I recently met Saul Djanogly, a lay Rabbi who lectures on The Kabbalah of Money. Saul wondered if I would join him on a lecture about wealth and money as seen in the Jewish, Greco-Roman and Eastern traditions. It’s an interesting idea, and I started to re-read some of the Eastern classics looking at references to money. Looking at my old favourite the Tao Te Ching I came across these lines from Chapter 67,

I possess Three Treasures
to maintain and uphold

first is compassion
second is frugality
third is not presuming to be first under heaven

compassion leads to courage
frugality allows generosity
not presuming to be first
creates a lasting instrument

if I renounced compassion for valour
austerity for extravagance
reluctance for supremacy
I would die

compassion wins every battle
and outlasts every attack

what heaven creates
let compassion protect

Now I understand how frugality leads to generosity, because if I am frugal then I have created a surplus that I can share with others. I can also see how not presuming to be first, that is, not wishing to contend with others, leads to a ‘lasting instrument’, that is a personal power acquired through individual achievement and not by contending or opposing others. However why does compassion lead to courage? How does compassion win every battle?

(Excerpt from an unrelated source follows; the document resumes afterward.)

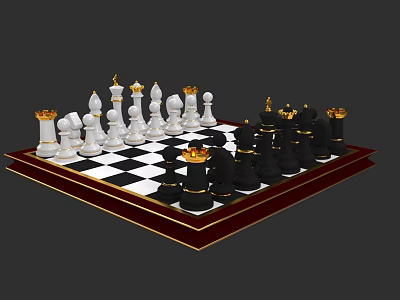 Elegant Chess Set with Black and White Checkered Board and Golden Accented Pieces 3d model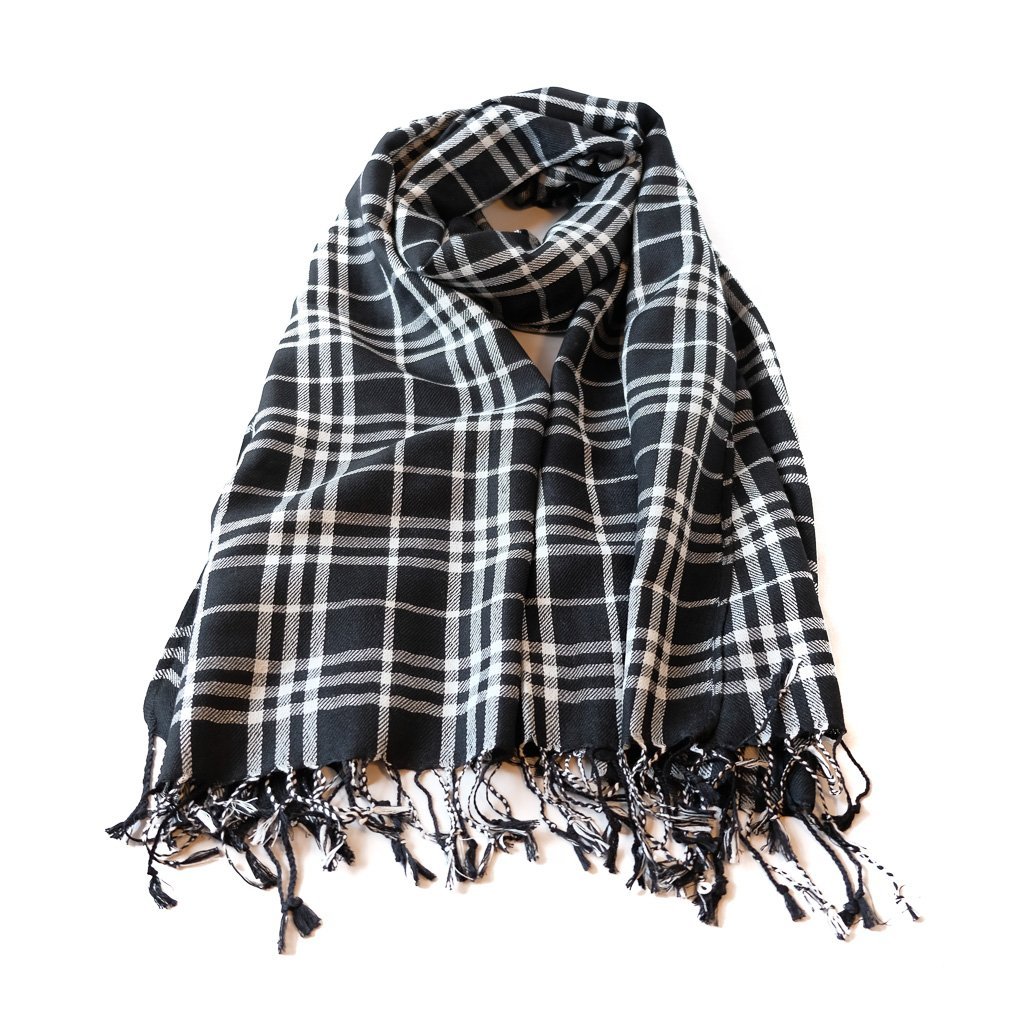 Skjerf rutemønster sort | Youtrend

We are here on a similar path to Jesus’ saying, ‘The meek shall inherit the earth.’ The strong and aggressive do not prevail in the long term, and the soft and yielding win out over time. In the Taoist view softness and yielding are always compared to water which flows around everything and whose surface is easily broken. But we have recently seen the power of water in the floods at Cockermouth where trees were uprooted, cars lifted and floated downstream and ancient stone bridges were taken to pieces, all by the power of water.

I looked at some of the quotations in Red Pine’s translation, to see what older commentators had to say about compassion leading to courage.  Here are some,

Te-Ch’ing says, “Compassion means to embrace all creatures without reservation.”
Wang-an-Shih says, “Through compassion, we learn to be soft. When we are soft, we can overcome the hardest thing in the world. Thus we can be valiant.”
Wu Ch’eng says, “Compassion is the chief of the three treasures, All people love a compassionate person as they do their own parents. Hence he who attacks or defends with compassion meets no opposition.”
Mencius says, “He who is kind has no enemy under heaven.”
Su Ch’e says, “The world honours daring, exalts ostentation and emphasizes progress. What the sage treasures is patience, frugality and humility, all of which the world considers useless.”

So it is the softness of compassion that wins out in the end as it ‘outlasts every attack’. Therefore compassion both creates and allows courage. Since courage is an energy coming from the heart (cour) any feeling or thought that strengthens and encourages the heart, as compassion does, leads to a stronger heart, one that expresses itself valiantly.